→ **Stored entries**
+ + + + + + +

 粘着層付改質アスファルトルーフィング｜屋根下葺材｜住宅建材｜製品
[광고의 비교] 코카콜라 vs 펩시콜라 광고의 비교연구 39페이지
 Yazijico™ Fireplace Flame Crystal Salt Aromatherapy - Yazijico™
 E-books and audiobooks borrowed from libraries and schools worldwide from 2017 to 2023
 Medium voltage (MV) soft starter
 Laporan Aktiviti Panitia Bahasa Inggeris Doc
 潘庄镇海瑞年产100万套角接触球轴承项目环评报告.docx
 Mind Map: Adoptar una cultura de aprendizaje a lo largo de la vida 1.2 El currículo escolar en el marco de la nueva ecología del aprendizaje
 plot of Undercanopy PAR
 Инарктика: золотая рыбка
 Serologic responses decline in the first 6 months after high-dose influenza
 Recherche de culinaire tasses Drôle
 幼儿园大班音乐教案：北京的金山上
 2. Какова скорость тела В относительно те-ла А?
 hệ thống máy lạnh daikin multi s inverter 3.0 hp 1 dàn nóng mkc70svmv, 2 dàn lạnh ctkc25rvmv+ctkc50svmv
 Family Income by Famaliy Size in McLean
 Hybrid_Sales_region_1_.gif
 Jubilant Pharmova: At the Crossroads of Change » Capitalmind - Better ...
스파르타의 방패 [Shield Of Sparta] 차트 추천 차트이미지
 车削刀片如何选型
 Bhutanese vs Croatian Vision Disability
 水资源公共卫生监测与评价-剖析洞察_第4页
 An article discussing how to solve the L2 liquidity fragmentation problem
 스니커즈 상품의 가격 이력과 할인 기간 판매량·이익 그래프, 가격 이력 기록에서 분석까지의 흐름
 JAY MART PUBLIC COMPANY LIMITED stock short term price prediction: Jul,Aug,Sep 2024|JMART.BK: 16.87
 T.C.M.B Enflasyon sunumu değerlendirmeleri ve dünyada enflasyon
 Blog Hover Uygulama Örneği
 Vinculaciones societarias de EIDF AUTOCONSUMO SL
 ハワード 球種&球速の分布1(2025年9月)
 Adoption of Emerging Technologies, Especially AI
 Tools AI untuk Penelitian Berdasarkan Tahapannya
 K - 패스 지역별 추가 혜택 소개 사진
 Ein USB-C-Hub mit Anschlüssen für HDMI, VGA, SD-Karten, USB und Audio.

+ + + + + + +

→ **WHAT IS NEEDED**
Only one stretch of the data above is needed. Restate it word for word, from the line containing "Jubilant Pharmova: At" through the line containing "JAY MART PUBLIC", both ends included.

→ **EXERCISE RESPONSE**
 Jubilant Pharmova: At the Crossroads of Change » Capitalmind - Better ...
스파르타의 방패 [Shield Of Sparta] 차트 추천 차트이미지
 车削刀片如何选型
 Bhutanese vs Croatian Vision Disability
 水资源公共卫生监测与评价-剖析洞察_第4页
 An article discussing how to solve the L2 liquidity fragmentation problem
 스니커즈 상품의 가격 이력과 할인 기간 판매량·이익 그래프, 가격 이력 기록에서 분석까지의 흐름
 JAY MART PUBLIC COMPANY LIMITED stock short term price prediction: Jul,Aug,Sep 2024|JMART.BK: 16.87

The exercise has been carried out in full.